There's no easier way to put it, especially for you atheistic, devil-worshiping, socialist America haters out there.
God did call me. And boy, was He pissed.
"What's so tough to understand about 'intelligent design'," he fumed. "What, do those Darwinidiots think I'm not intelligent?"
"No, sir," I said quickly. It's not a good thing to piss off the Lord even if you do have to wonder about things like famine, Ebola, mosquitoes, and Cheeze Whiz.
"Then what is it?" he demanded, which was a little surprising since he's supposed to be the omniscient one, and I'm just a lowly human he's chosen to harass.
"Well," I started, "it's that those Darwin folks think that "intelligent design" is just a front for the Creationists to sneak religion back into the classroom."
Long pause. When God thinks, it can take a long time. He's also omnipresent, so he's got a lot of ground to cover.
"Creationism," he snorted. "You mean those people who belief that drivel Bishop Ussher pushed that I created the world 4000 years ago?"
"Sort of, sir," I said.
"Gadfry Daniels," he shouted, which is the closet you'll get to hearing God swear. He's got to be pretty careful about what he says. For example, if he says, "damn them," then woe to those to whom he was referring. Like it's a lifetime in hell with no chance of parole.
"I thought 'intelligent design' just integrated My work into Darwinian theory," He said.
"No, that's not exactly what they mean, sir.
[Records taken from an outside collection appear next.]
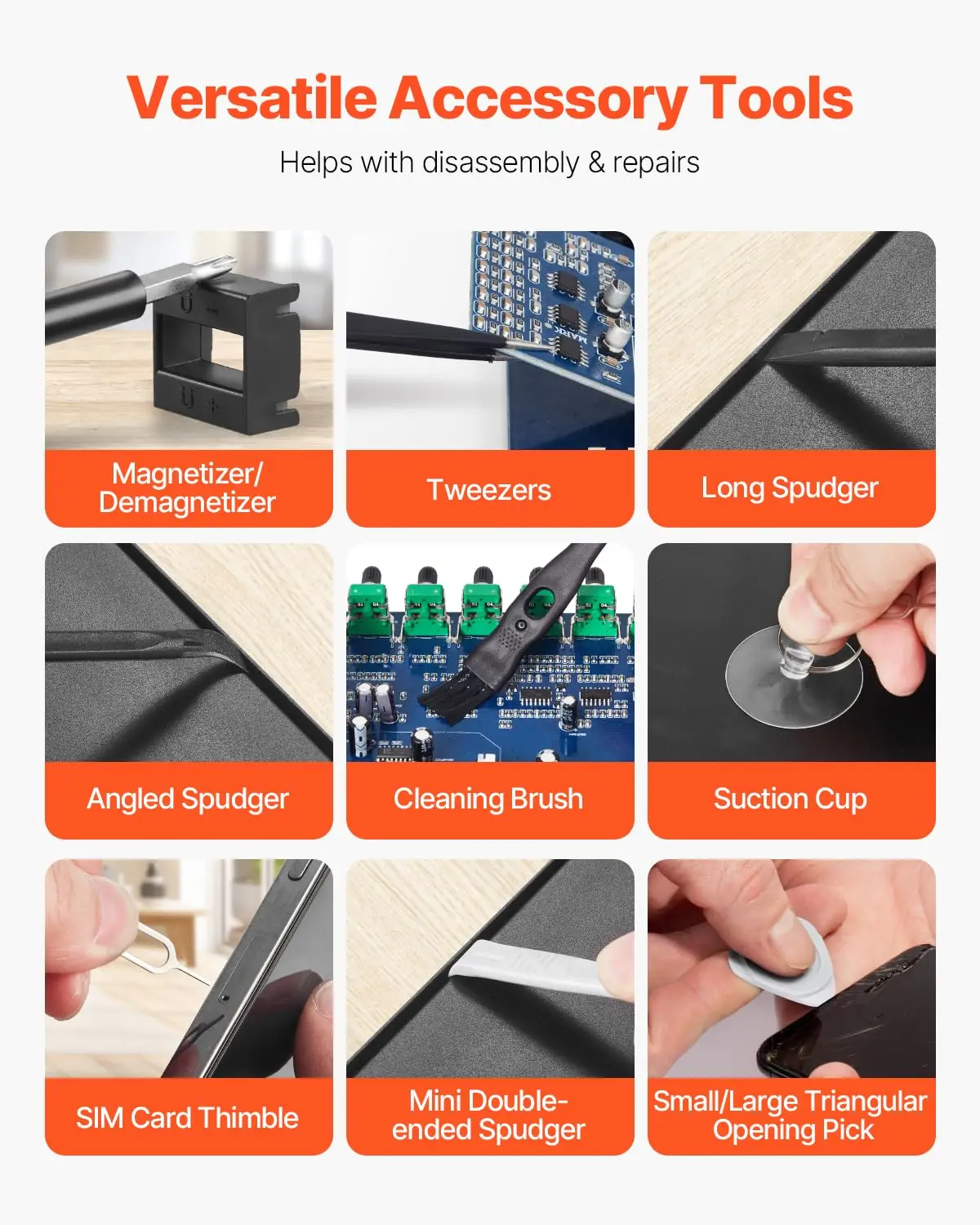 59-Piece Small Precision Screwdriver Set, Tweezer for Men, Mini Cleaning Repair Tool Kit for iPhone, MacBook, Laptop, Computer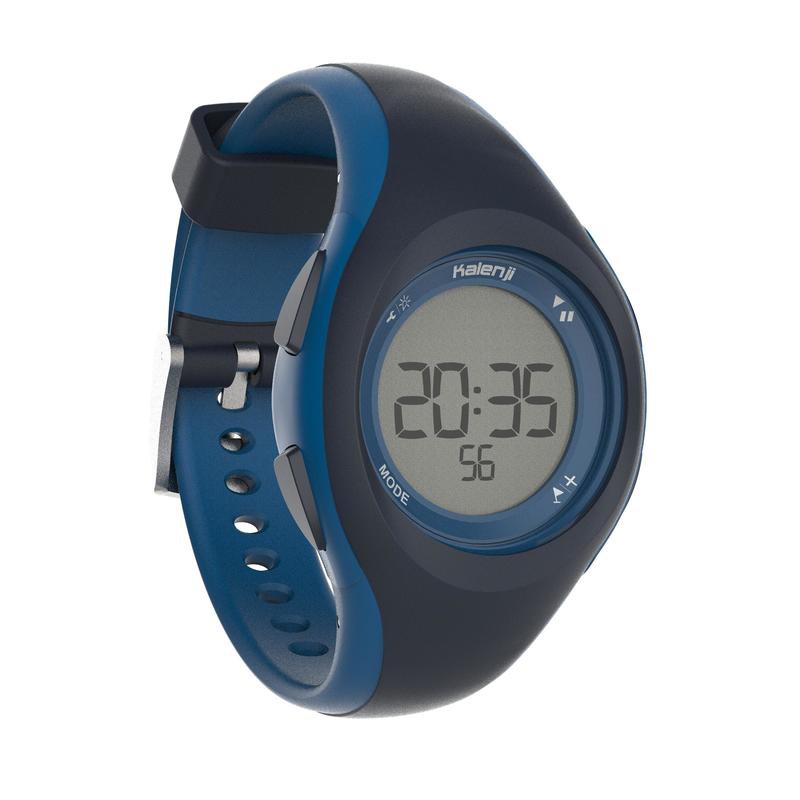 KALENJI W200S Jam Tangan Digital Timer Olahraga Wanita Dan Anak Original - Navy Blue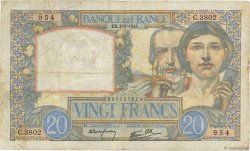 20 Francs TRAVAIL ET SCIENCE FRANCE  1941 F.12.14 TB
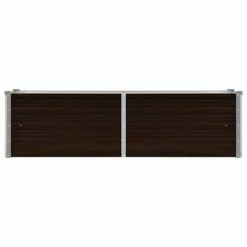 VidaXL Lit surélevé de jardin Marron 160x40x45 cm Acier galvanisé 8 VidaXL Lit surélevé de jardin Marron 160x40x45 cm Acier galvanisé -Pots & cache-pots Soldes 2022 image 3 45718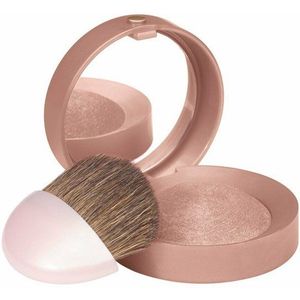 Bourjois Little Round Pot Blush 85 Sienne - Fijne en lichte textuur - Geïntegreerde applicatorkwast en spiegel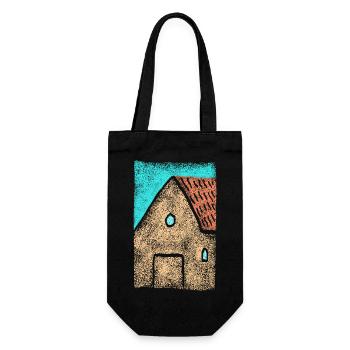 Maison - Design d’architecture - Vie à la campagne - Sac à bouteille - noir - Devant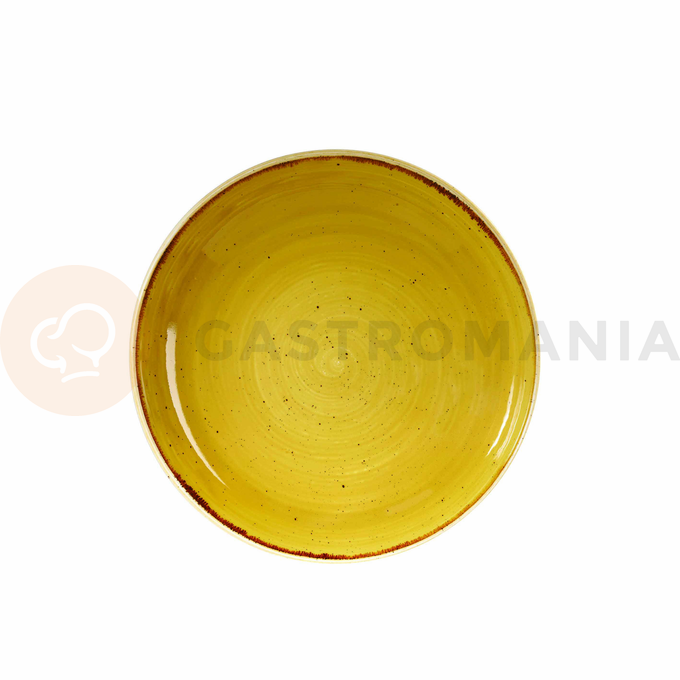 Musztardowa salaterka, ręcznie zdobiona 1136 ml | CHURCHILL, Stonecast Mustard Seed Yellow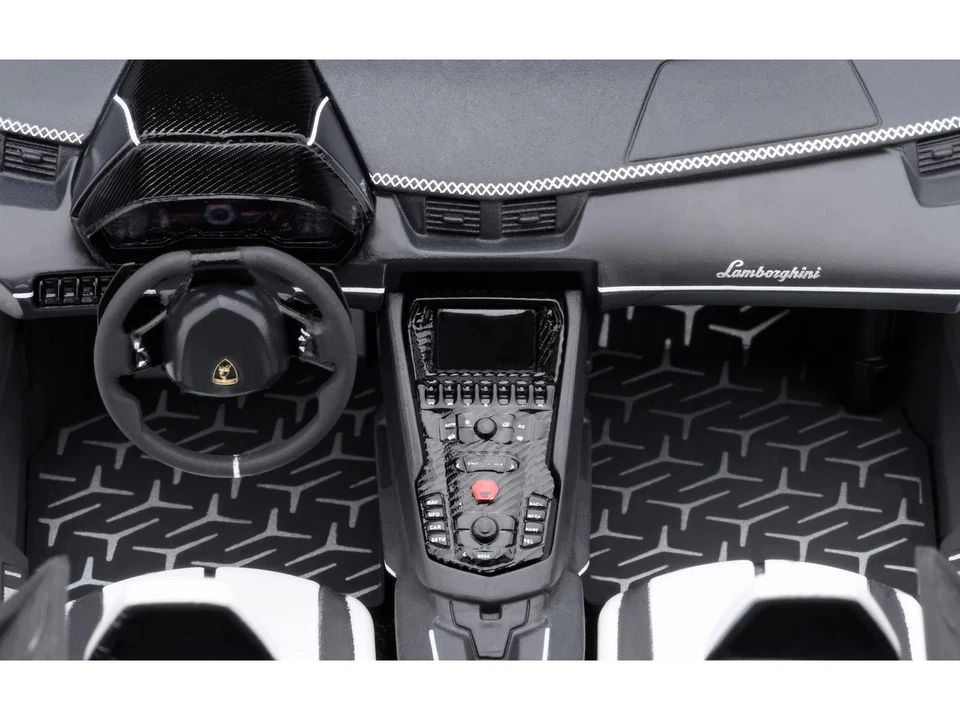 Lamborghini Aventador SVJ Bianco Asopo Blanco Perla con Ruedas Doradas 1/18 Modelo C Foto 3 de 4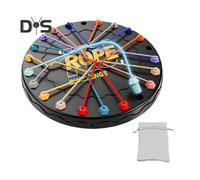 (as the picture, 1 Set) 1/2/3 Sets Kids Rope Untangling Game Twisted Rope Knots Challenge Board Game Logic Thinking Interactive Educational Elastic Rope Unhitching Toy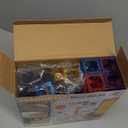 MIEBELY Magnetic Tiles, 112 PCS Magnetic Maze Building Blocks Toy for Kids with Glowing Ball, Magnet Marble Run Set, STEM Education Toddler Toy Building Block Gifts for Boys and Girls 3 4 5 6 7 8 9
They claim that evolution is just a theory."
"Just a theory," He thundered, shattering most of the windows in my house. I didn't mind, because He's real good about fixing things He's broken when He gets angry. Sometimes, He even apologizes. And when He forgets, there's always the Archangels to come along and mop up after Him.
"Don't those Creationist dimwits realize what 'theory' means in science?" He continued. "In scientific terms, a 'theory' is a unifying concept that's been tested and reaffirmed. It's not a guess or a hypothesis."
"Well, sir," I offered, "maybe the Creationists don't know that."
"Well go and tell them," He ordered.
"Yes sir, but, you see, I'm not sure they'll listen to me."
He fretted and fumed and made angry God-like noises, which, when you think about it, are the only kind of noises he could make, although, as God, he probably could make any kind of noise he wanted.
"Well, tell them I told you they're bonkers," he said.
"They'll just call me a lackey of the left-wing anti-religion conspiracy and won't believe me," I said.
He sighed, and, I have to tell you, when God sighs, it could just break your heart.
"All this effort to create an intelligent species, and this is what emerges?" He said with great sadness. I was crying openly. It's tough to cope with a sad Lord of the Universe. "People who'll treat a book like gospel that's been translated so many times into so many versions, the only truths left there are the simple ones. Like the 20 commandments."
"Um...sir, I think you mean the 10 commandments."
"What? Oh, right, Moses dropped that second tablet on the way down the mountain. My fault. The things were just too heavy. Anyway, those 10 are enough. And Jesus' sermon on the mount. He never talked about Creationism. He didn't care. It wasn't important. What's wrong with these people."
Well, I could go on, because the Lord certainly went on long enough. But a word to the wise to those folks trying to sneak Creationism into the schoolroom--God ain't on your side. He thinks you're all idiots.
Now don't blame me. I'm just the messenger.
Haha. I'll start calling you Joan of Arcadia.